I have recently visited the Yucatan Peninsula in Mexico, a place where one can find many traces of the Mayan civilization once established there. There are still many sites where you can admire what is left from their buildings and villages. Our family has visited Chichen-Itza, a big area well known for its beautiful Mayan ruins. We have also been to Coba, another large area, which contains the tallest pyramid in the Yucatan. The view from up there is astonishing – you see tree canopies in every direction you look! The Mayan probably felt like gods up there; who wouldn’t? There is also Tulum, with its smaller area, but equally nice ruins. Plus they are right next to those pristine waters! There are also cenotes – deep natural wells or sinkholes – one could visit; many of them. Such inspiring sites, all in the same place!
But this time I decided I wanted a bigger connection with some Mayan traditions, so I headed to a Temazcal (literally, house of heat) or a steam lodge. “In ancient Mesoamerica it was used as part of a curative ceremony thought to purify the body after exertion such as after a battle or a ceremonial ball game.

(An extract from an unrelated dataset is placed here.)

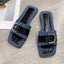 Buckle Trim Open Toe Sandals - Korvel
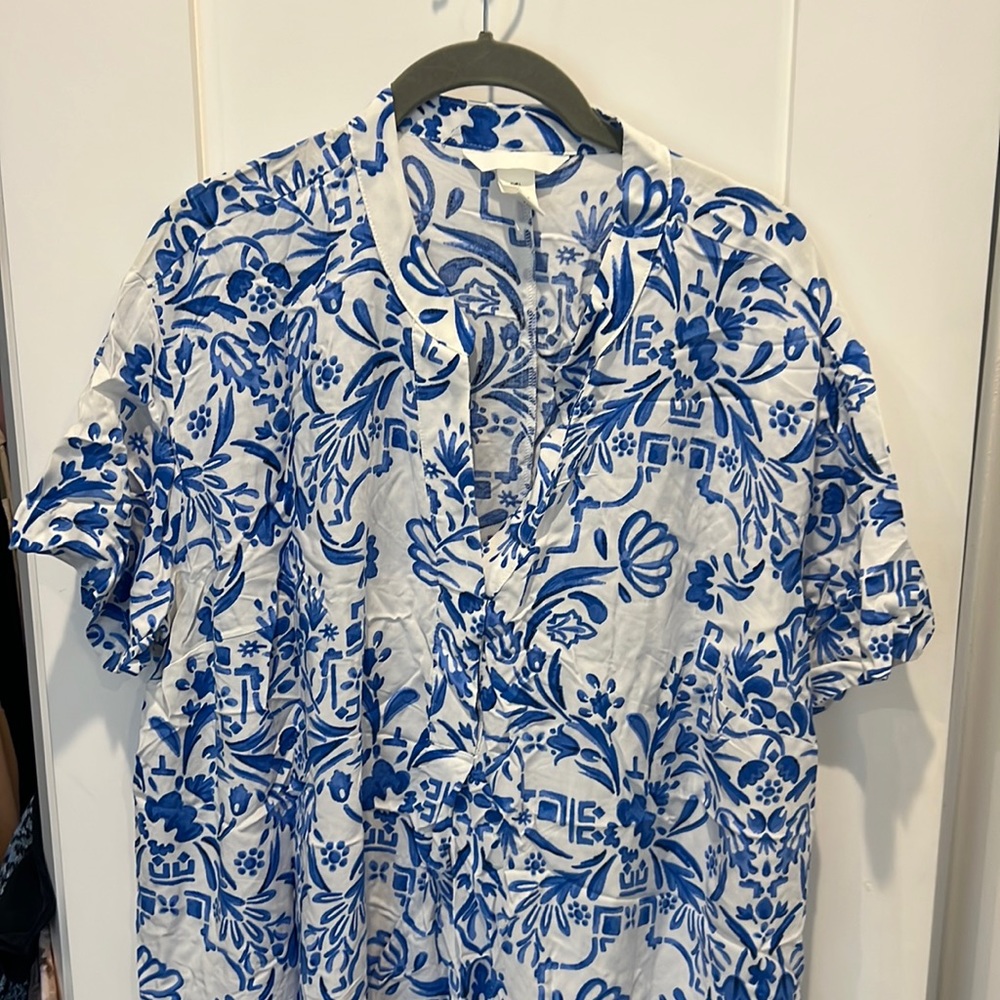 H&M kaftan cover up dress size large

It was also used for healing the sick, improving health, and for women to give birth.” You can find a few details on this website about the place I went to (called Xkan-ha): http://www.temazcalcozumel.com/temazcal.html
As you can tell from this picture I took, it is a little house made with the purpose of sweating! If you know me, you know that just the word sweat is very appealing to me. I was happy to try it. Once inside, the hole on top (Mother Earth’s belly button!) is covered and also the entrance, so the steam won’t escape. Hot stones are brought and put in the center and herbal tea is thrown little by little on top of it to create smoke with the bonus of a wonderful smell (the tea was made with rosemary, lemongrass, orange leaves, and so much more!). Heat increases slowly, but it was never unbearable.

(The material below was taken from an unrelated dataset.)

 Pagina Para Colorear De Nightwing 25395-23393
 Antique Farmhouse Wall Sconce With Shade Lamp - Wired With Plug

Our guide Petrus instructed us to close our eyes (it was pitch black inside it anyways to try to see anything!) and listen to his words through the four stages we would focus on, according to the four cardinal points (North, East, South, and West), as calls the Mayan tradition. These four stages were mentioned by him, dividing the story of our lives in four different age groups, helping us retell ourselves our own life stories – from childhood to old age. And even though participants were not all the same age, we got involved with every stage, filling it up with memories, expectations, and dreams. It got hotter as we advanced through the four phases, and each one of them had an activity associated with it, plus time for self-inquiry. One of the stages had us, for instance, singing and playing instruments inside that little hut.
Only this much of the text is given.